By “get data read to be put into Druid” I mean:
- Build the data segments (recall that Druid manages data in rather large segments).
- Note metadata about the segments.
That metadata is what goes into the MySQL database, which also retains data about shards that have been invalidated. (That part is needed because of the MVCC.)
By “build the data segments” I mean:
- Make the sharding decisions.
- Arrange data columnarly within shard.
- Build a compressed bitmap for each shard.
When things are being done that way, Druid may be regarded as comprising three kinds of servers:
- Actual data storage.
- Query brokers, which also have local cache.
- Coordination/management, including administrative interfaces and so on.
This is in addition to the aforementioned Zookeeper and MySQL.
It occurs to me that I don’t know whether that local cache is the only RAM tier, which is a pretty major point. Oh well …
The alternative is that data just streams into Druid. In that case:
- The various Hadoop pre-processing steps in the batch ingest process don’t happen.
- Instead, it’s assumed and required that data already be in structured properly — in terms of summarization and denormalization — for Druid.

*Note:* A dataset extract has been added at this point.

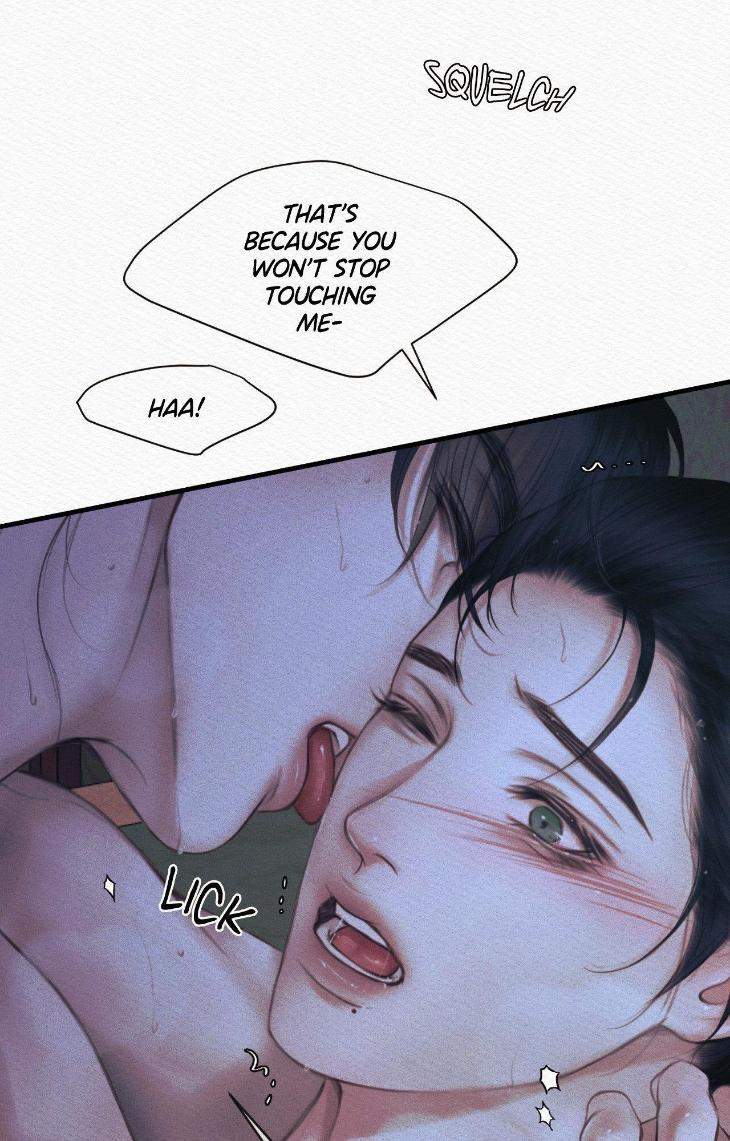 The-Ghosts-Nocturne-By-Ananas-C-R-Jade-Season-3-Uncensored-Eng page 53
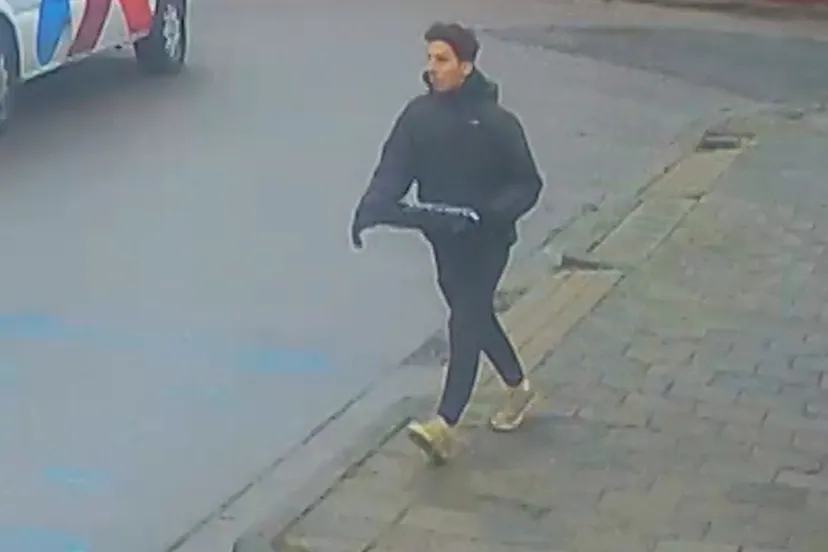 190423 team overval zonnestudio 1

- An additional tier of Druid data storage servers is involved; in particular, that tier is what receives the streaming data.
- Metamarkets calls the data storage servers that receive data “Real-Time”, while the others are “Historical”.
- The Real-Time servers persist data, on an append-only basis, into proper Druid segments. After a while, these are flushed to the Historical servers.
- The Druid query broker sends queries to the Real-Time or Historical servers as appropriate.